(Stored data entries)
____
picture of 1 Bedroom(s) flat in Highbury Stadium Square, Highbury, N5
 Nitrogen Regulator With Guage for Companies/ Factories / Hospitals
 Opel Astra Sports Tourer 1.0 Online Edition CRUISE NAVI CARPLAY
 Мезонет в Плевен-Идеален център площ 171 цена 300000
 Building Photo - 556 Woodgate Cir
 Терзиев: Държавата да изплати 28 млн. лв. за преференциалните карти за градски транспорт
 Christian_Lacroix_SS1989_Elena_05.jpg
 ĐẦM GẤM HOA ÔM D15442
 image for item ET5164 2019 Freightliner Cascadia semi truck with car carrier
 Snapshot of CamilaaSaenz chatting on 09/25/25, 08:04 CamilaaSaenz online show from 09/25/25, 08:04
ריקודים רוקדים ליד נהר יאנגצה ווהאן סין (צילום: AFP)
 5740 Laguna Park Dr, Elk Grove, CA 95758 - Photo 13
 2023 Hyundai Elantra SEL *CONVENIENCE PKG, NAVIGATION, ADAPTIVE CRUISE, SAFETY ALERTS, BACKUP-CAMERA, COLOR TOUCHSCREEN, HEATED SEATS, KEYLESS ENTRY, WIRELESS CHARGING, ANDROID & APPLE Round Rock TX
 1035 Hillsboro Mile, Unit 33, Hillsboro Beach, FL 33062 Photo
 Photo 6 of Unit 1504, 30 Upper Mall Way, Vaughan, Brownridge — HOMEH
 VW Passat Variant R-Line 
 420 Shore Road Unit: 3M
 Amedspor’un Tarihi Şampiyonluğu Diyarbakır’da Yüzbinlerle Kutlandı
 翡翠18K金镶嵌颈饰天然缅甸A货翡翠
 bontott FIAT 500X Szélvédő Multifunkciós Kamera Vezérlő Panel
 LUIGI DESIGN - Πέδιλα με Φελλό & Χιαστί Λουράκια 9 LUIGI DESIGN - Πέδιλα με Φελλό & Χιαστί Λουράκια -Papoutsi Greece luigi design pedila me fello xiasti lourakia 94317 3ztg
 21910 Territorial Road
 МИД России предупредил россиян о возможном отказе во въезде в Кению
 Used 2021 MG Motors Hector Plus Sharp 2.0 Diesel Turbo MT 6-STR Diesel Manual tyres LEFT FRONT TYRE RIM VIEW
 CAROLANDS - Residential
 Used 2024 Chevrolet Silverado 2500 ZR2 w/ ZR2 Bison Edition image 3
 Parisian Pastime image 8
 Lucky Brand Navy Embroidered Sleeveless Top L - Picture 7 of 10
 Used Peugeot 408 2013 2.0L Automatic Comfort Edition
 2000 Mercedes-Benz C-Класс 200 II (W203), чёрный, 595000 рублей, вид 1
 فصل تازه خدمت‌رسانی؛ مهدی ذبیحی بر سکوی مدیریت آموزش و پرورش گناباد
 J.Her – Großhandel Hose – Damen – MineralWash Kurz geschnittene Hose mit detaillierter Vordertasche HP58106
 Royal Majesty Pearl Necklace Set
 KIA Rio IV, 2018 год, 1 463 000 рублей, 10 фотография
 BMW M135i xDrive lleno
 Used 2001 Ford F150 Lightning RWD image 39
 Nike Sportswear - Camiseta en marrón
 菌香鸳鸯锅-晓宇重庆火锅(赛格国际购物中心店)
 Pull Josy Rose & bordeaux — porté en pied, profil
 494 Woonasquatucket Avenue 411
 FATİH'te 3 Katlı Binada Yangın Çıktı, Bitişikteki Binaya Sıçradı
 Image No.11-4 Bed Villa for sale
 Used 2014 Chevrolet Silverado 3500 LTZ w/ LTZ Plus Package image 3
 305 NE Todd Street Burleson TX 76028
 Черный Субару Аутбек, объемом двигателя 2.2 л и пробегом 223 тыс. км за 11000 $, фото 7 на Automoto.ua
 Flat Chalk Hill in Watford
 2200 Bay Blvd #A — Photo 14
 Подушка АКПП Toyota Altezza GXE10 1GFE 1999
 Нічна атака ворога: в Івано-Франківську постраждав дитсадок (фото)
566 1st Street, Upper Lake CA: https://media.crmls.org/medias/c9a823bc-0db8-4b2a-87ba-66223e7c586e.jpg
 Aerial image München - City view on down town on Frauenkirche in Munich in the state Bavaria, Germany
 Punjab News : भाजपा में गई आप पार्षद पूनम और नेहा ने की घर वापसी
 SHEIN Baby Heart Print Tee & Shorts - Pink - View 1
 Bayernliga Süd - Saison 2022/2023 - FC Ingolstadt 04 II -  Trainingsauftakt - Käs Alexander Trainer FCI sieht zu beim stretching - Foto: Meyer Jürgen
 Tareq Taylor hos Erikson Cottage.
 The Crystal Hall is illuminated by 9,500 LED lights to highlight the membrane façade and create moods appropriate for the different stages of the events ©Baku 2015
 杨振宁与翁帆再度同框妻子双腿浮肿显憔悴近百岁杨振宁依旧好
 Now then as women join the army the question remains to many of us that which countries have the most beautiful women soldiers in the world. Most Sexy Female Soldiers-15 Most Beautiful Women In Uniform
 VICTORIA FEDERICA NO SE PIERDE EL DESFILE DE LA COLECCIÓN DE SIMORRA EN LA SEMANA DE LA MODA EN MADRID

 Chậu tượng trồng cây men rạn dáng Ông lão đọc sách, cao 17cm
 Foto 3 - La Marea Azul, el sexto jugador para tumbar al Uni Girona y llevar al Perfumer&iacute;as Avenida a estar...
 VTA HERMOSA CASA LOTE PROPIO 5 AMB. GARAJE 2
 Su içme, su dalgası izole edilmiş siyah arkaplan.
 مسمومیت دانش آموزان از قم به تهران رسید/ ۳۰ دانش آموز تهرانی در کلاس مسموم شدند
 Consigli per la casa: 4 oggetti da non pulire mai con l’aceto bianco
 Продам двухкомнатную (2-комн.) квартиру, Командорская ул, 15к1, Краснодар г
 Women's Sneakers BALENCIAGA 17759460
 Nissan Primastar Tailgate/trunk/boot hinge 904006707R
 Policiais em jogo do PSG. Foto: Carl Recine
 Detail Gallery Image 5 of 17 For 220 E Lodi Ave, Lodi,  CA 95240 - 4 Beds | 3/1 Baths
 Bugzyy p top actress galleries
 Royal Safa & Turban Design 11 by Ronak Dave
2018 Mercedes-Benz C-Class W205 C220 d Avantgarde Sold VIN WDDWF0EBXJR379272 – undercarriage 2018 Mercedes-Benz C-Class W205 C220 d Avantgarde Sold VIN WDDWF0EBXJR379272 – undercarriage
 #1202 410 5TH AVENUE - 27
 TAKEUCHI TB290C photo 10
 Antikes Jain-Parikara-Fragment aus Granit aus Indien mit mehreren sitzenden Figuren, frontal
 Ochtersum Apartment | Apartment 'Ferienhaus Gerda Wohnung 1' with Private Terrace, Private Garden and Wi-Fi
____
▶ _WHAT IS REQUIRED_
Once the records end, copy them all again exactly.

▶ _EXPECTED OUTPUT_
picture of 1 Bedroom(s) flat in Highbury Stadium Square, Highbury, N5
 Nitrogen Regulator With Guage for Companies/ Factories / Hospitals
 Opel Astra Sports Tourer 1.0 Online Edition CRUISE NAVI CARPLAY
 Мезонет в Плевен-Идеален център площ 171 цена 300000
 Building Photo - 556 Woodgate Cir
 Терзиев: Държавата да изплати 28 млн. лв. за преференциалните карти за градски транспорт
 Christian_Lacroix_SS1989_Elena_05.jpg
 ĐẦM GẤM HOA ÔM D15442
 image for item ET5164 2019 Freightliner Cascadia semi truck with car carrier
 Snapshot of CamilaaSaenz chatting on 09/25/25, 08:04 CamilaaSaenz online show from 09/25/25, 08:04
ריקודים רוקדים ליד נהר יאנגצה ווהאן סין (צילום: AFP)
 5740 Laguna Park Dr, Elk Grove, CA 95758 - Photo 13
 2023 Hyundai Elantra SEL *CONVENIENCE PKG, NAVIGATION, ADAPTIVE CRUISE, SAFETY ALERTS, BACKUP-CAMERA, COLOR TOUCHSCREEN, HEATED SEATS, KEYLESS ENTRY, WIRELESS CHARGING, ANDROID & APPLE Round Rock TX
 1035 Hillsboro Mile, Unit 33, Hillsboro Beach, FL 33062 Photo
 Photo 6 of Unit 1504, 30 Upper Mall Way, Vaughan, Brownridge — HOMEH
 VW Passat Variant R-Line 
 420 Shore Road Unit: 3M
 Amedspor’un Tarihi Şampiyonluğu Diyarbakır’da Yüzbinlerle Kutlandı
 翡翠18K金镶嵌颈饰天然缅甸A货翡翠
 bontott FIAT 500X Szélvédő Multifunkciós Kamera Vezérlő Panel
 LUIGI DESIGN - Πέδιλα με Φελλό & Χιαστί Λουράκια 9 LUIGI DESIGN - Πέδιλα με Φελλό & Χιαστί Λουράκια -Papoutsi Greece luigi design pedila me fello xiasti lourakia 94317 3ztg
 21910 Territorial Road
 МИД России предупредил россиян о возможном отказе во въезде в Кению
 Used 2021 MG Motors Hector Plus Sharp 2.0 Diesel Turbo MT 6-STR Diesel Manual tyres LEFT FRONT TYRE RIM VIEW
 CAROLANDS - Residential
 Used 2024 Chevrolet Silverado 2500 ZR2 w/ ZR2 Bison Edition image 3
 Parisian Pastime image 8
 Lucky Brand Navy Embroidered Sleeveless Top L - Picture 7 of 10
 Used Peugeot 408 2013 2.0L Automatic Comfort Edition
 2000 Mercedes-Benz C-Класс 200 II (W203), чёрный, 595000 рублей, вид 1
 فصل تازه خدمت‌رسانی؛ مهدی ذبیحی بر سکوی مدیریت آموزش و پرورش گناباد
 J.Her – Großhandel Hose – Damen – MineralWash Kurz geschnittene Hose mit detaillierter Vordertasche HP58106
 Royal Majesty Pearl Necklace Set
 KIA Rio IV, 2018 год, 1 463 000 рублей, 10 фотография
 BMW M135i xDrive lleno
 Used 2001 Ford F150 Lightning RWD image 39
 Nike Sportswear - Camiseta en marrón
 菌香鸳鸯锅-晓宇重庆火锅(赛格国际购物中心店)
 Pull Josy Rose & bordeaux — porté en pied, profil
 494 Woonasquatucket Avenue 411
 FATİH'te 3 Katlı Binada Yangın Çıktı, Bitişikteki Binaya Sıçradı
 Image No.11-4 Bed Villa for sale
 Used 2014 Chevrolet Silverado 3500 LTZ w/ LTZ Plus Package image 3
 305 NE Todd Street Burleson TX 76028
 Черный Субару Аутбек, объемом двигателя 2.2 л и пробегом 223 тыс. км за 11000 $, фото 7 на Automoto.ua
 Flat Chalk Hill in Watford
 2200 Bay Blvd #A — Photo 14
 Подушка АКПП Toyota Altezza GXE10 1GFE 1999
 Нічна атака ворога: в Івано-Франківську постраждав дитсадок (фото)
566 1st Street, Upper Lake CA: https://media.crmls.org/medias/c9a823bc-0db8-4b2a-87ba-66223e7c586e.jpg
 Aerial image München - City view on down town on Frauenkirche in Munich in the state Bavaria, Germany
 Punjab News : भाजपा में गई आप पार्षद पूनम और नेहा ने की घर वापसी
 SHEIN Baby Heart Print Tee & Shorts - Pink - View 1
 Bayernliga Süd - Saison 2022/2023 - FC Ingolstadt 04 II -  Trainingsauftakt - Käs Alexander Trainer FCI sieht zu beim stretching - Foto: Meyer Jürgen
 Tareq Taylor hos Erikson Cottage.
 The Crystal Hall is illuminated by 9,500 LED lights to highlight the membrane façade and create moods appropriate for the different stages of the events ©Baku 2015
 杨振宁与翁帆再度同框妻子双腿浮肿显憔悴近百岁杨振宁依旧好
 Now then as women join the army the question remains to many of us that which countries have the most beautiful women soldiers in the world. Most Sexy Female Soldiers-15 Most Beautiful Women In Uniform
 VICTORIA FEDERICA NO SE PIERDE EL DESFILE DE LA COLECCIÓN DE SIMORRA EN LA SEMANA DE LA MODA EN MADRID

 Chậu tượng trồng cây men rạn dáng Ông lão đọc sách, cao 17cm
 Foto 3 - La Marea Azul, el sexto jugador para tumbar al Uni Girona y llevar al Perfumer&iacute;as Avenida a estar...
 VTA HERMOSA CASA LOTE PROPIO 5 AMB. GARAJE 2
 Su içme, su dalgası izole edilmiş siyah arkaplan.
 مسمومیت دانش آموزان از قم به تهران رسید/ ۳۰ دانش آموز تهرانی در کلاس مسموم شدند
 Consigli per la casa: 4 oggetti da non pulire mai con l’aceto bianco
 Продам двухкомнатную (2-комн.) квартиру, Командорская ул, 15к1, Краснодар г
 Women's Sneakers BALENCIAGA 17759460
 Nissan Primastar Tailgate/trunk/boot hinge 904006707R
 Policiais em jogo do PSG. Foto: Carl Recine
 Detail Gallery Image 5 of 17 For 220 E Lodi Ave, Lodi,  CA 95240 - 4 Beds | 3/1 Baths
 Bugzyy p top actress galleries
 Royal Safa & Turban Design 11 by Ronak Dave
2018 Mercedes-Benz C-Class W205 C220 d Avantgarde Sold VIN WDDWF0EBXJR379272 – undercarriage 2018 Mercedes-Benz C-Class W205 C220 d Avantgarde Sold VIN WDDWF0EBXJR379272 – undercarriage
 #1202 410 5TH AVENUE - 27
 TAKEUCHI TB290C photo 10
 Antikes Jain-Parikara-Fragment aus Granit aus Indien mit mehreren sitzenden Figuren, frontal
 Ochtersum Apartment | Apartment 'Ferienhaus Gerda Wohnung 1' with Private Terrace, Private Garden and Wi-Fi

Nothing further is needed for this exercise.